In a bowl, combine the lukewarm milk, crumble in the yeast, add a little sugar and flour, and let it rest in a warm place for about 10 minutes, until foamy. This ensures the dough will rise. TIP: Make sure the milk isn't hot, or it will kill the yeast!
Place the flour in a large bowl, add the remaining sugar, salt, vanilla sugar, and grated orange zest. This gives the stollen its characteristic aroma.
Add the yeast mixture, egg, and melted butter. Knead the dough until smooth and slightly soft. If it's too sticky, add a little flour. TIP: Knead the dough until it becomes shiny and pulls away from your hands.

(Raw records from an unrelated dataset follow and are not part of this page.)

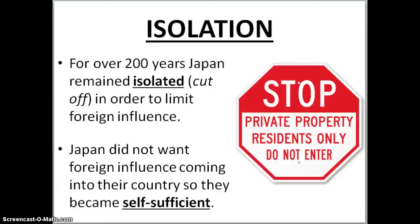That ends our talk on China and Japan and how they isolated themselves and controlled trade within their boundaries. I look forward to talking to you about this next class.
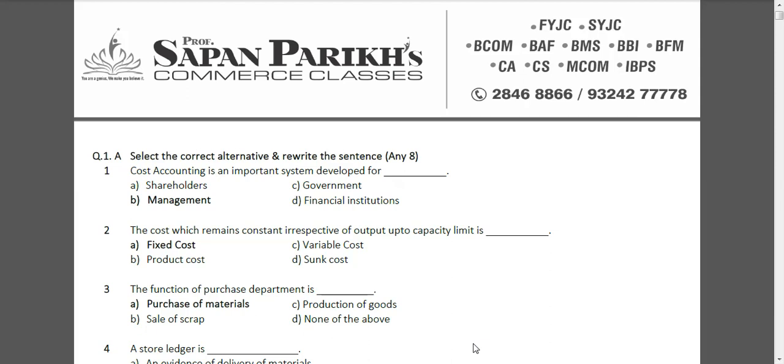Hello dear students, I am Professor Sapan Parikh. I am a chartered accountant and cost accountant and I am the founder of Sapan Parikh Commerce Classes. Our classes have three branches, two in Kandivali East and one in Kandivali West, and over the years I have had the privilege of teaching more than 8,000 students in commerce. This video is a past paper solution for first year Bachelor of Accounting and Finance students for Bombay University. It's a November 2016 paper solution of cost accounting.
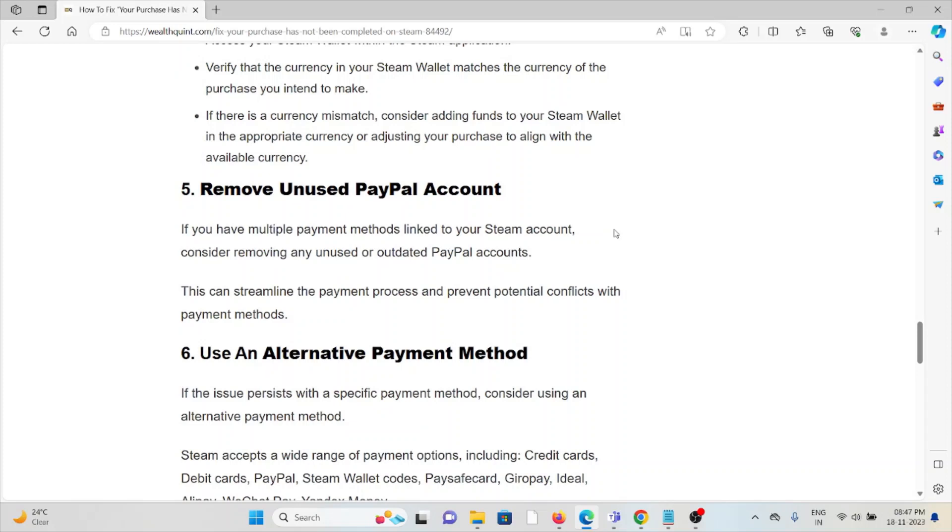If you have multiple payment methods in your Steam account, consider removing any unused or outdated PayPal accounts. This can streamline the payment process and prevent potential conflicts with payment methods.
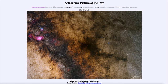Greetings and welcome to the Introduction to Astronomy. One of the things I like to do in each of my introductory astronomy classes is to begin with the Astronomy Picture of the Day from the NASA website — that is apod.nasa.gov/apod. Today's picture for October 1st, 2021 is titled 'The Central Milky Way from Lagoon to Pipe.'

Cover the bowl and let the dough rise in a warm place for 45-60 minutes, or until doubled in size. TIP: The best place is a slightly preheated (but turned off) oven.

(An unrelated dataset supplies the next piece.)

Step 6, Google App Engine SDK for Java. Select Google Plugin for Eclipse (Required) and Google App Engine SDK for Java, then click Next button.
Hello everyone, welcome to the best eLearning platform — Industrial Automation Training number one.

Knead in the finely chopped dates, distributing them evenly throughout the dough. Then, flatten the dough slightly into a rectangle shape.
Shape the marzipan into a log and place it in the center of the dough. Fold the dough over so that the marzipan is in the middle, then shape it slightly into the classic stollen shape.

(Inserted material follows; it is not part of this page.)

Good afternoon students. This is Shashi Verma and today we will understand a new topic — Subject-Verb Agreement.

Place on a baking sheet lined with parchment paper, cover, and let rest for another 15 minutes. Meanwhile, preheat the oven to 350°F (180°C) using conventional heat.
Bake for 35-40 minutes, or until the top is golden brown. If it browns too quickly, cover it with aluminum foil. TIP: The inside should not remain raw; check with a toothpick.
After cooling, sprinkle the top with powdered sugar. This not only decorates it but also sweetens the crust. TIP: It's best to sift the powdered sugar through a sieve for a more even coating.